_Work order:_ Print the listing exactly.
(Beginning of Raw data)
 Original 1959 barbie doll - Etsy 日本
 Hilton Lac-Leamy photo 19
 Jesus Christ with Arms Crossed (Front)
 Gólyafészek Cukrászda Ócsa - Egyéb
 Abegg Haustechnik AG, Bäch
(End of Raw data)
_Response area:_
 Original 1959 barbie doll - Etsy 日本
 Hilton Lac-Leamy photo 19
 Jesus Christ with Arms Crossed (Front)
 Gólyafészek Cukrászda Ócsa - Egyéb
 Abegg Haustechnik AG, Bäch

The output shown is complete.